Businesses large and small create and manage large volumes of electronic information or data. Much of that data is important. Some data is vital to the survival and continued operation of the business. The impact of data loss or corruption from hardware failure, human error, hacking or malware could be significant. A plan for data backup and restoration of electronic information is essential.
For an IT disaster recovery planning project, designing of an in-depth recovery plan is highly crucial and rather the main objective of the organization. An effective disaster recovery plan is a detailed set of steps that needs to be undertaken by an organization to help recover its IT systems to an extent at which they can support the business at the occurrence of a disaster (Kirvan, 2013).
This paper illustrates the disaster recovery plan and associated contingency requirements for TechPro, Inc. TechPro, Inc is a software company offering IT consulting services to clients worldwide, providing customized technology and consulting services with expertise in Customer relationship management (CRM), Business process management (BPM), and Enterprise resource planning (ERP). With a workforce of nearly 800 employees, TechPro has been successfully offering state-of-the-art consulting solutions for Telecommunications, Logistics, Finance, Supply Chain, and Marketing. The development team comprises of Project Managers, Senior and Top level software developers, Business Development Managers, ERP and BPM Architects, Finance executives, and several junior staff members.
This paper describes the practices and processes for mitigating disruptions to “critical information systems” or loss of data and services from the impacts of man-made or natural calamities.
This plan is a means of responding to both major, normally ruinous, events which disallow access to the everyday facilities for a time span, and to less severe disasters that might disallow access to only segments of some system or the facility.
The DRP is a technology-specific plan to safeguard and retrieve valuable information and hence may be referred to as a Technology Recovery Plan. It has been designed to help restore operability of the assigned applications and systems in TechPro’s data centre system at an alternative site on the detection of an emergency.
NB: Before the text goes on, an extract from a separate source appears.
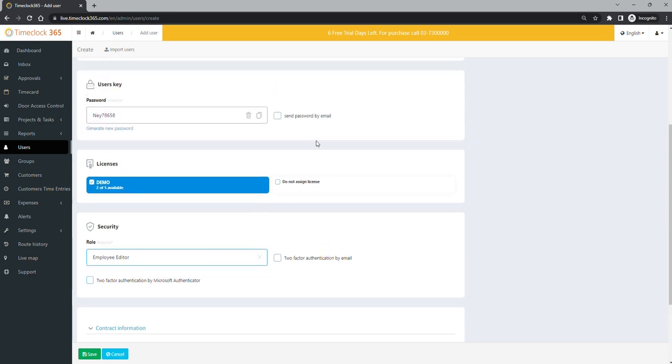If you are not using single sign-on, select the box Send Password by email and save. If you are using SSO, just save this profile.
The current DRP was devised by and for TechPro’s IT group.
Proposed Recovery assumption: At the event of total loss of the data centre
- Firstly, the system will divert to a fully functional Hot Site with all the backup communication services and infrastructure need to resume vital operations within a comparatively short span of time.
- Once the hardware is easily acquirable and can be installed at a Cold Site, the processing will be shifted to the less costly cold site from the Hot Site.
- Processing of all applications will be eventually performed at the cold site, even those which are not seen as critical.
- The reconstruction of the original or a new permanent system work simultaneously with the backup sites, i.e. Hot and cold sites. The planning for the last transfer back to the site is also done here
With the many benefits of implementing the hot and cold site and taking its advantages as described above, IT workforce is able to successfully restore valuable production functions and data at their own system in the shortest possible time frame after a disastrous event.
It is understood from the above explanation that the cost pertaining to a Hot Site is greatly different as compared to a Cold Site. Therefore, the importance of the initial steps is importance for business value/impact. This helps in determining the appropriate investment level for protecting the business (FEMA, 2012).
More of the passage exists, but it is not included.